The Gods are smiling
If you figured that Garden of the Gods Gourmet Market & Café (410 S. 26th St., godsgourmet.com) had reached a resting point, now that it's in its swank new $1.5 million location, then you don't yet know the mind of Mitchell Yellen. The company's majority owner, president and CEO calls himself a nontraditional planner who over 30 years has exposed "traditional financial planning as misleading and misguided."
His key to wealth: "a focus on banking, businesses and real estate." In investments such as the Pinery at the Hill and GOGG, he's acquired enough investor capital to buy the land under the buildings. And from one success stems another, such as a new $1.9 million GOGG location planning to tentatively open Dec. 15, 2015, near SuperTarget and the intersection of Briargate Parkway and North Powers Boulevard.
That's just the first of eight more that Yellen has in mind for cities like Lone Tree, Boulder and Castle Rock. His confidence comes from seeing regular hour-long weekend waits for the 92 seats at GOGG, plus good walk-out retail business from the Colorado-centric gourmet market.
"It's a different formula," says Yellen, speaking to the restaurant and market combo. "Trends are moving in our direction."
The Briargate spot — 11,000 square feet, 4,800 of that market space — would host 250 seats, plus private dining room capacity. It would also yield a "very elaborate" home delivery service and a culinary school with daily classes, he says, noting a plan for two full kitchens and a small greenhouse, plus the creation of 75 jobs.
"I'm willing to spend more money and make a little less on the margins," he says, "because I'm in this to change the culture. ... I'm never satisfied at where we are, I want to do better."
Yellen says he'll send staff to train with the likes of Chopped guest judge Adam Sobel of San Francisco's RN74. Post-tutorial, he envisions the creation of another 150 in-house market products, with emphasis on vegan and gluten-free items.
"Our goal, is in the next 24 to 36 months, to be a farm-to-fork company with no Shamrock trucks pulling up," he says.
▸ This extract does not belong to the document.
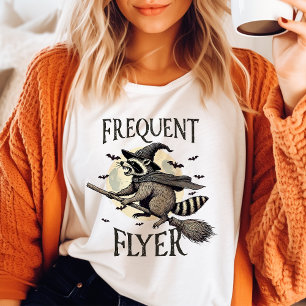 Frequent Flyer  Raccoon Halloween T-shirt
Dogfish Head founder Sam Calagione has created an "organoleptic hop transducing module" named Randall the Enamel Animal. In layman's terms, it's a gadget that, when attached to a tap, allows beer to pour through anything from hops to fruits and spices, making for fun infusions.
On Saturday, Nov. 22, Green Man Taproom (320 S. Weber St., greenmantaps.com) will feature Randall at NovemberFRESH Craftbeer Fest, an Indy Give! event for the Rocky Mountain Field Institute. Entry is $5 online ($10/door) to sample Nano 108, Lofty, Smiling Toad and Great Storm brews.